Steven:That's the reality.
Steven:If enough people are telling you it's meditation,
Steven:but I've got, well, I now know I've got a DHD or a DD, according to
Steven:another book I read and with me, my mind's just utterly chaos and a mess
Steven:and it's thinking everything, it's doing more and more things by the day.
Steven:And it comes up with ideas day and night, and they're just random and
Steven:they're ridiculous and they're, if you ever go walking with me
Steven:anywhere, I literally do not stop.
Steven:I will be talking about the butterfly on the leaf to a big challenge to
Steven:Trump, to everything, to, to how my, why my toe works the way it
Steven:does to my eyes, and how they see.
Steven:To the universe and how Pluto is not our planet, right back to the butterfly
Steven:sitting on the leaf and the birds hearing.
Steven:And I've, I've learn to just allow it to be what it is and my mind.
Steven:But when I sat down and meditate, it's like silence it and I just couldn't.
Steven:It's like telling kids in the backseat of a car to stop laughing.
Steven:Not gonna work.
Steven:It's like they have a group of kids in school to sit down and stop fidgeting.
Steven:Worst thing you can do, you know, tell 'em I fidget for five
Steven:minutes and then they get bored.
Steven:And so meditation, I thought was off the cards, but I sat down and
Steven:I, I found my ways of meditating and sometimes I need guided me.
Steven:Sometimes I need to just stare at a leaf.
Steven:Sometimes I need to really think of something like even go on a story
Steven:deliberately to visualize something.

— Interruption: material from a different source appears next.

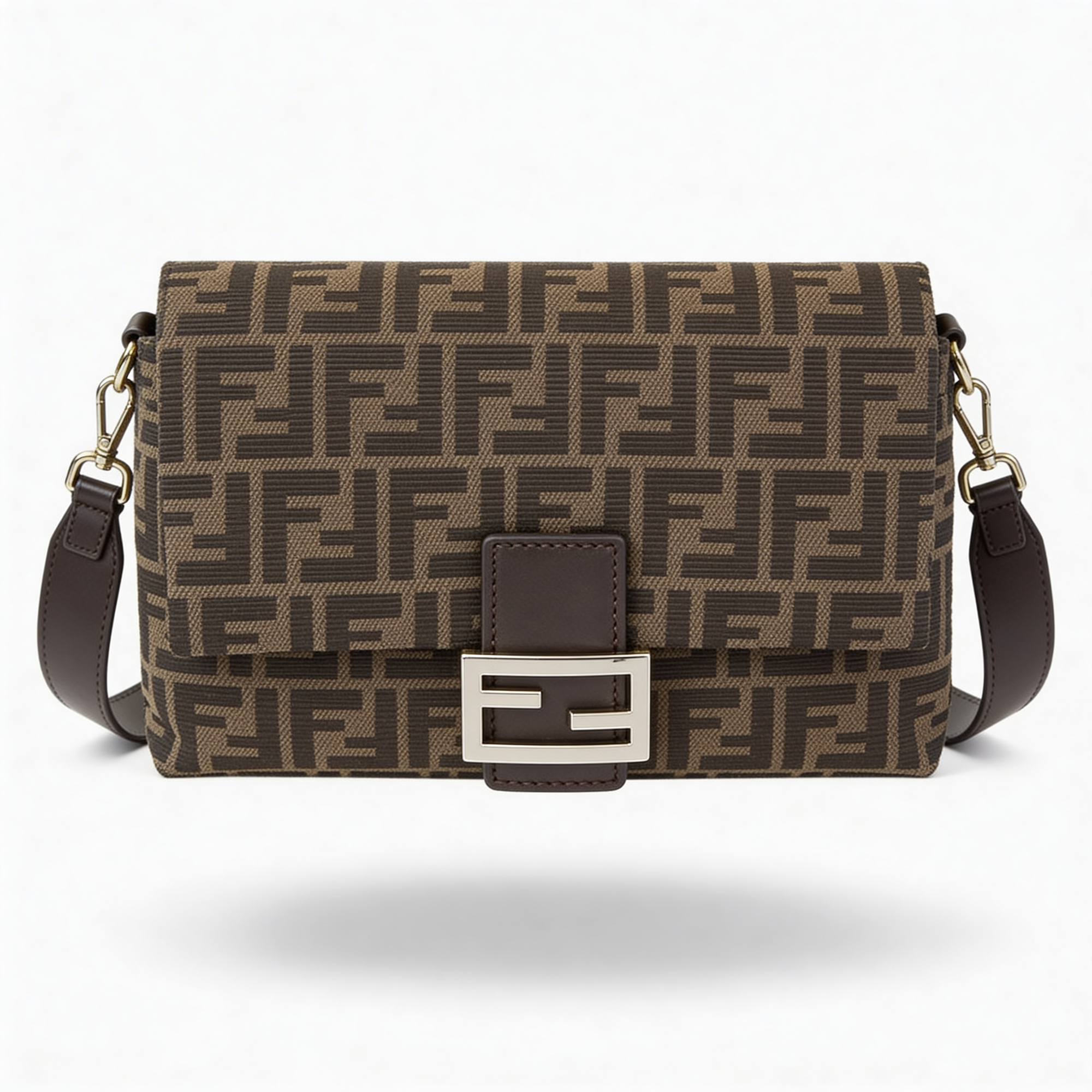 Signature Pattern Flap Bag — Brown Canvas with Statement Metal Clasp
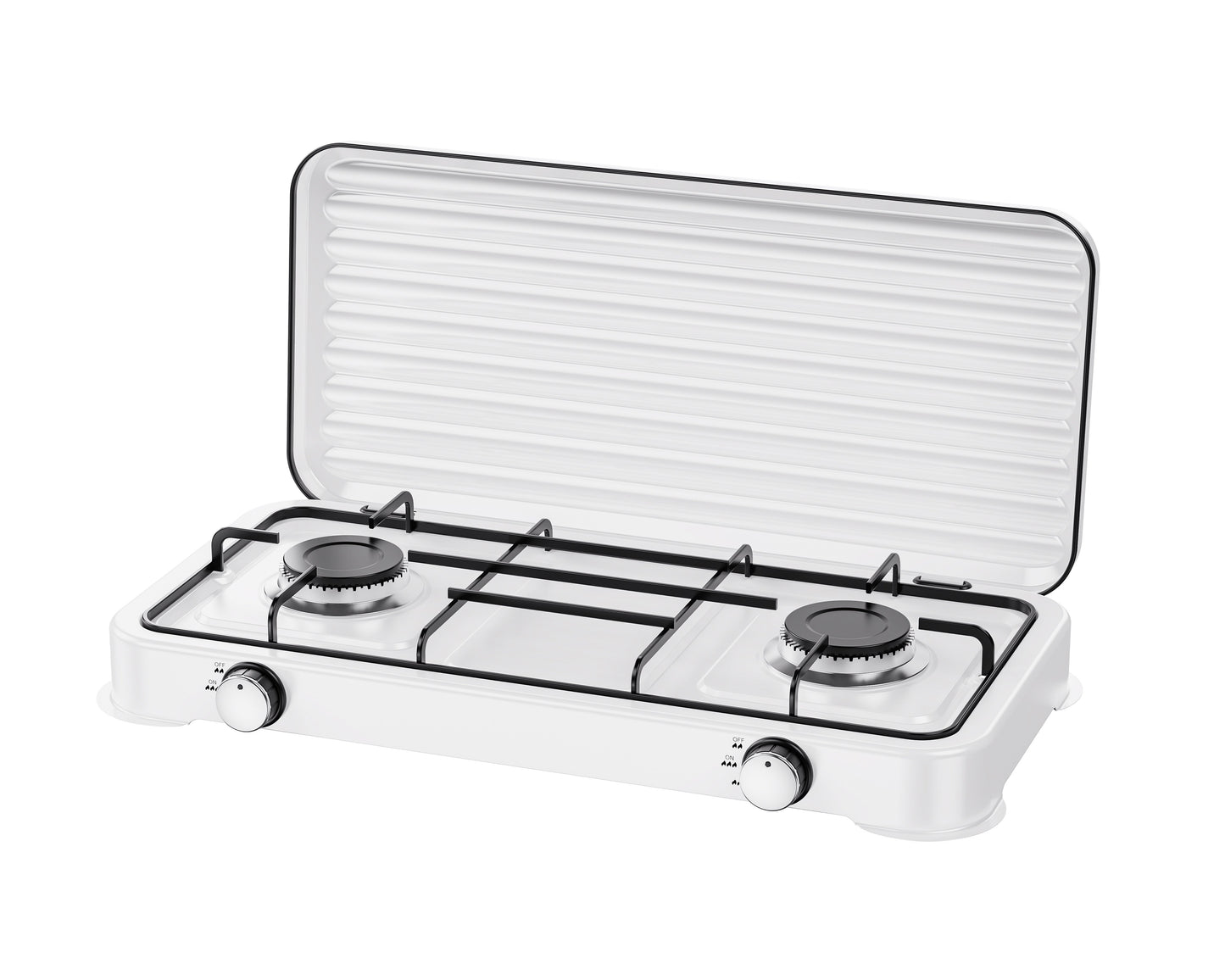 A compact white two-burner gas stove with an open lid, black metal grates, and silver control knobs, shown on a plain white background.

Steven:Other times I can have a lot those moments between my words and you.
Steven:You all recognize those moments of just peace, like if you listen
Steven:to every single word I say now.
Steven:From this one
Steven:to this one.
Steven:In between waiting for that word, you had a moment of just waiting awareness.
Steven:And the problem is with all of this is we do see the world
Steven:through the image of who we are.
Steven:So we think we, look at productive people and go, how are you productive?
Steven:We look at people that meditate and go, how can you meditate?
Steven:We don't know what's going through their mind while they're
Steven:sitting there meditating.
Steven:Most of 'em are faking it.
Steven:I bet most of 'em are just sitting there thinking, I wonder
Steven:if they've got their eyes open.
Steven:I wonder what they're thinking about.
Steven:I wonder if they're thinking about tears.
Steven:Same as me.
Steven:I wonder if they got a bad back.
Steven:I wonder if they, I'm sure I seen them move a minute ago.
Steven:And even when you go on retreat and you see 10 people, if you look around long
Steven:enough of when you're supposed to be meditating, you'll see people just open
Steven:their eyes slightly and things like that.
Steven:And I even think the teacher is sitting there thinking.
Steven:All different things, but the point is, is to bring it back, bringing it back,
Steven:bringing it back, like I spoke about last week, so I'm not gonna go repeating.
Steven:If you didn't listen to last week's and you struggle with meditation
Steven:anyway, I really suggest you listen to last week's podcast, but it's
Steven:8 billion people, 8 billion minds.
Steven:They're all on a spectrum of one side to the other, whether
Steven:it's autism focus or anything.
Steven:On one end of the spectrum, you've got somebody that was born with,
Steven:mental illnesses and all that where the chemicals just don't fire, right?
Steven:And they would find it very difficult to live in the world,
Steven:and they may not get beyond the age of one or two years old mentally.
Steven:On the other end of the spectrum, you've got someone that we deem as
Steven:incredibly amazing with an IQ of 200 that can focus, that can read a booking.
Steven:Like ours that can remember the most amazing things.
Steven:They may not be emotionally as intelligent, but we deem them as
Steven:brilliantly productive, amazing people, and we put them on a pedestal.
Steven:And everywhere between those two things is everybody else.
Steven:There's the people that can focus at times.
Steven:There's people that could never focus.
Steven:There's people that can get in the flow and get things achieved.
Steven:But only in the right circumstances.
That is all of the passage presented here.